There is an obvious dramatic imperative to this speech. The priest is clearly encouraging Murdock to keep fighting the good fight as Daredevil. Yet this idea of guilt as motivation pops up elsewhere in the series, even in the same episode. Daredevil learns that The Punisher is haunted by how he declined to read his daughter a bedtime story the night before she and the rest of his family were brutally murdered. Although this doesn’t excuse The Punisher’s actions, Bernthal’s tortured, pain-wracked performance helps us understand that his motivations are wrapped up in guilt and shame.

The idea of guilt as a clarion call exists throughout the Christian tradition.
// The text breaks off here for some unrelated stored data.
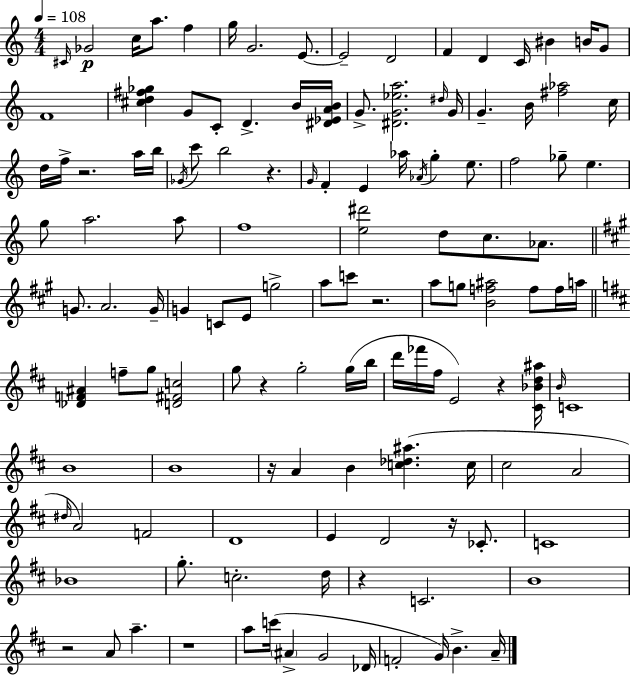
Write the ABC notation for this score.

X:1
T:Untitled
M:4/4
L:1/4
K:C
^C/4 _G2 c/4 a/2 f g/4 G2 E/2 E2 D2 F D C/4 ^B B/4 G/2 F4 [^cd^f_g] G/2 C/2 D B/4 [^D_EAB]/4 G/2 [^DG_ea]2 ^d/4 G/4 G B/4 [^f_a]2 c/4 d/4 f/4 z2 a/4 b/4 _G/4 c'/2 b2 z G/4 F E _a/4 _A/4 g e/2 f2 _g/2 e g/2 a2 a/2 f4 [e^d']2 d/2 c/2 _A/2 G/2 A2 G/4 G C/2 E/2 g2 a/2 c'/2 z2 a/2 g/2 [Bf^a]2 f/2 f/4 a/4 [_DF^A] f/2 g/2 [D^Fc]2 g/2 z g2 g/4 b/4 d'/4 _f'/4 ^f/4 E2 z [^C_Bd^a]/4 B/4 C4 B4 B4 z/4 A B [c_d^a] c/4 ^c2 A2 ^d/4 A2 F2 D4 E D2 z/4 _C/2 C4 _B4 g/2 c2 d/4 z C2 B4 z2 A/2 a z4 a/2 c'/4 ^A G2 _D/4 F2 G/4 B A/4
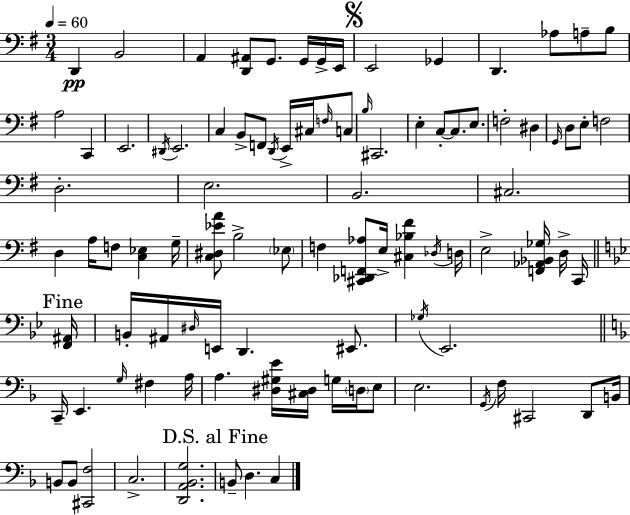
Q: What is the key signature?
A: G major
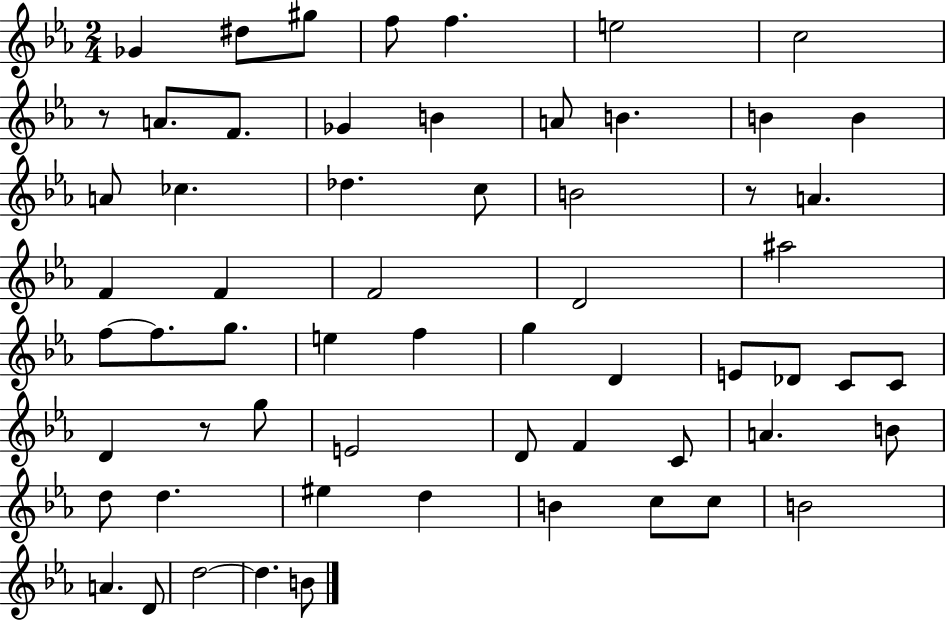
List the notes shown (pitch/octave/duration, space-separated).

Gb4/q D#5/e G#5/e F5/e F5/q. E5/h C5/h R/e A4/e. F4/e. Gb4/q B4/q A4/e B4/q. B4/q B4/q A4/e CES5/q. Db5/q. C5/e B4/h R/e A4/q. F4/q F4/q F4/h D4/h A#5/h F5/e F5/e. G5/e. E5/q F5/q G5/q D4/q E4/e Db4/e C4/e C4/e D4/q R/e G5/e E4/h D4/e F4/q C4/e A4/q. B4/e D5/e D5/q. EIS5/q D5/q B4/q C5/e C5/e B4/h A4/q. D4/e D5/h D5/q. B4/e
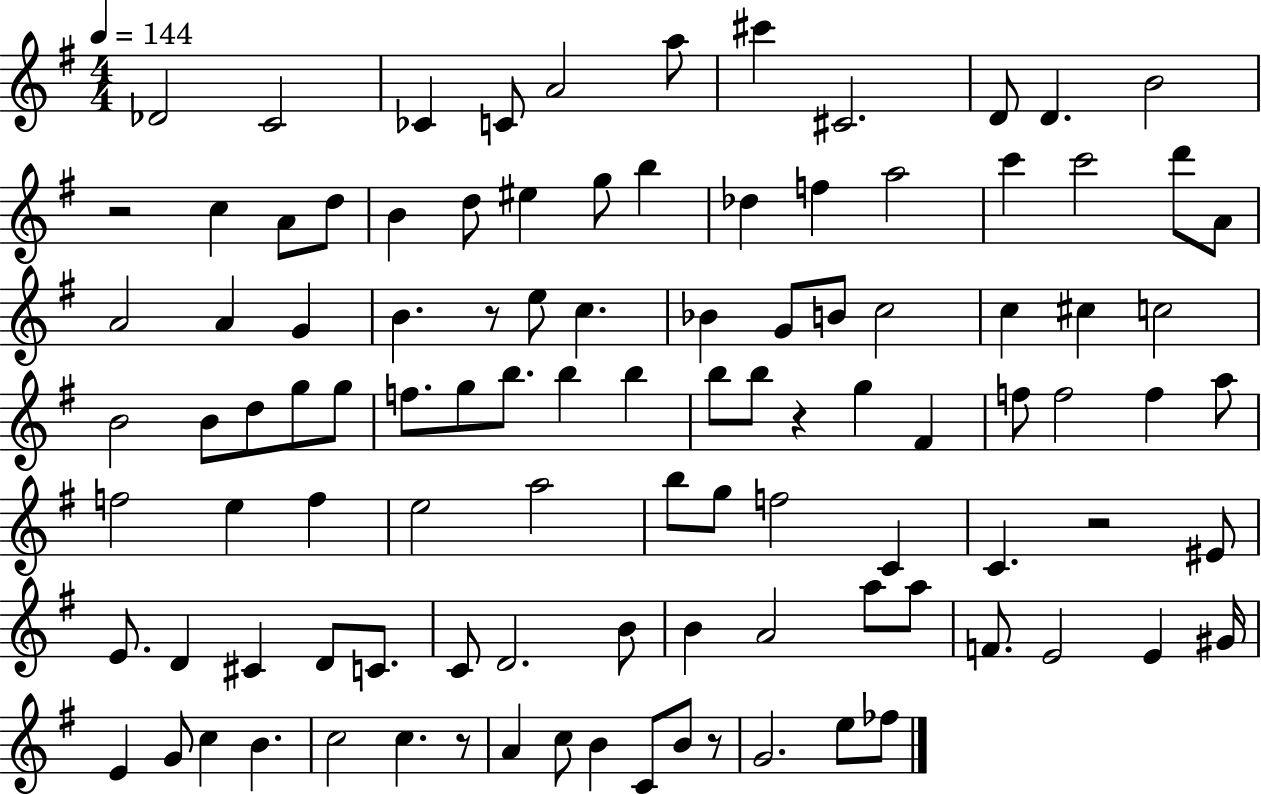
X:1
T:Untitled
M:4/4
L:1/4
K:G
_D2 C2 _C C/2 A2 a/2 ^c' ^C2 D/2 D B2 z2 c A/2 d/2 B d/2 ^e g/2 b _d f a2 c' c'2 d'/2 A/2 A2 A G B z/2 e/2 c _B G/2 B/2 c2 c ^c c2 B2 B/2 d/2 g/2 g/2 f/2 g/2 b/2 b b b/2 b/2 z g ^F f/2 f2 f a/2 f2 e f e2 a2 b/2 g/2 f2 C C z2 ^E/2 E/2 D ^C D/2 C/2 C/2 D2 B/2 B A2 a/2 a/2 F/2 E2 E ^G/4 E G/2 c B c2 c z/2 A c/2 B C/2 B/2 z/2 G2 e/2 _f/2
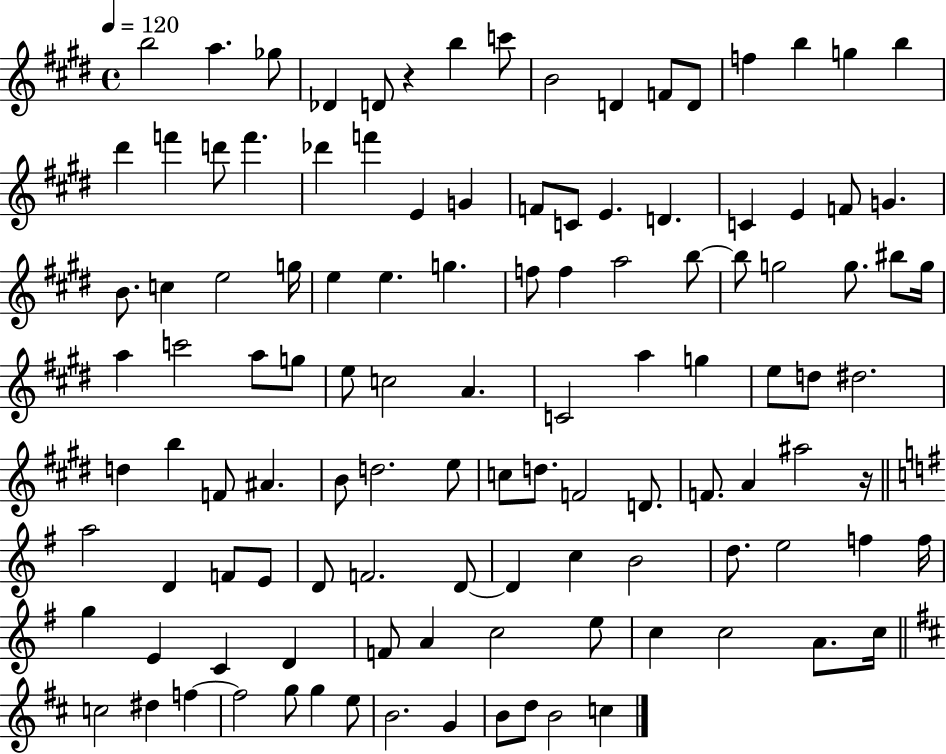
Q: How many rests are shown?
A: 2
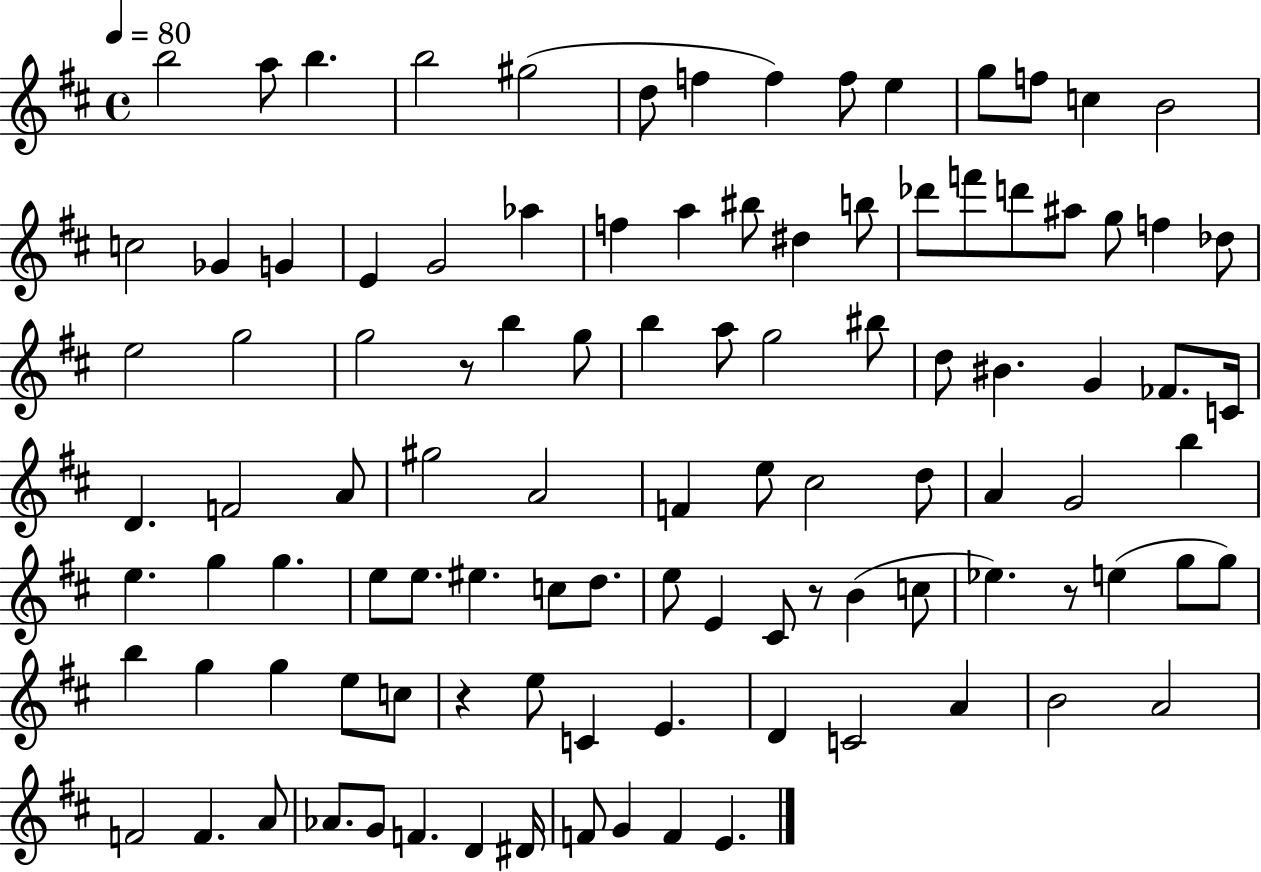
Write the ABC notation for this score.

X:1
T:Untitled
M:4/4
L:1/4
K:D
b2 a/2 b b2 ^g2 d/2 f f f/2 e g/2 f/2 c B2 c2 _G G E G2 _a f a ^b/2 ^d b/2 _d'/2 f'/2 d'/2 ^a/2 g/2 f _d/2 e2 g2 g2 z/2 b g/2 b a/2 g2 ^b/2 d/2 ^B G _F/2 C/4 D F2 A/2 ^g2 A2 F e/2 ^c2 d/2 A G2 b e g g e/2 e/2 ^e c/2 d/2 e/2 E ^C/2 z/2 B c/2 _e z/2 e g/2 g/2 b g g e/2 c/2 z e/2 C E D C2 A B2 A2 F2 F A/2 _A/2 G/2 F D ^D/4 F/2 G F E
The idea of guilt as a clarion call exists throughout the Christian tradition. Martin Luther recounted that as a devout monk he “kept the rule of my order so strictly that … If I had kept on any longer, I would have killed myself with vigils, prayers, reading and other works.” Later in life, of course, Luther would emphasize grace. At The Gospel Coalition, Chris Castaldo recounts a lesson Luther gave to his students, in which he used a manure pile — and, later, the same pile covered in freshly fallen snow — as a metaphor for our ugly, sinful nature and the beautiful righteousness God bestows on us in His grace.

Couple this understanding of grace with these words from Galatians 2:20: “I have been crucified with Christ and I no longer live, but Christ lives in me.” In his commentary on that verse, John Calvin explains: “Being then crucified with him, we are freed from all the curse and guilt of the law … But let us remember that we are delivered from the yoke of the law only when we are made one with Christ.”

Guilt over sin, then, is not the primary motivation by which Christians should live. Rather, we should understand guilt more along the lines of Daredevil’s priest: as something that urges us to keep going. As an obstacle to overcome. We must not give in to our angst and regret, but know that we can move past them by God’s grace. For it is by living within God’s grace, not by living a guilt-free life, that we become closer to Him.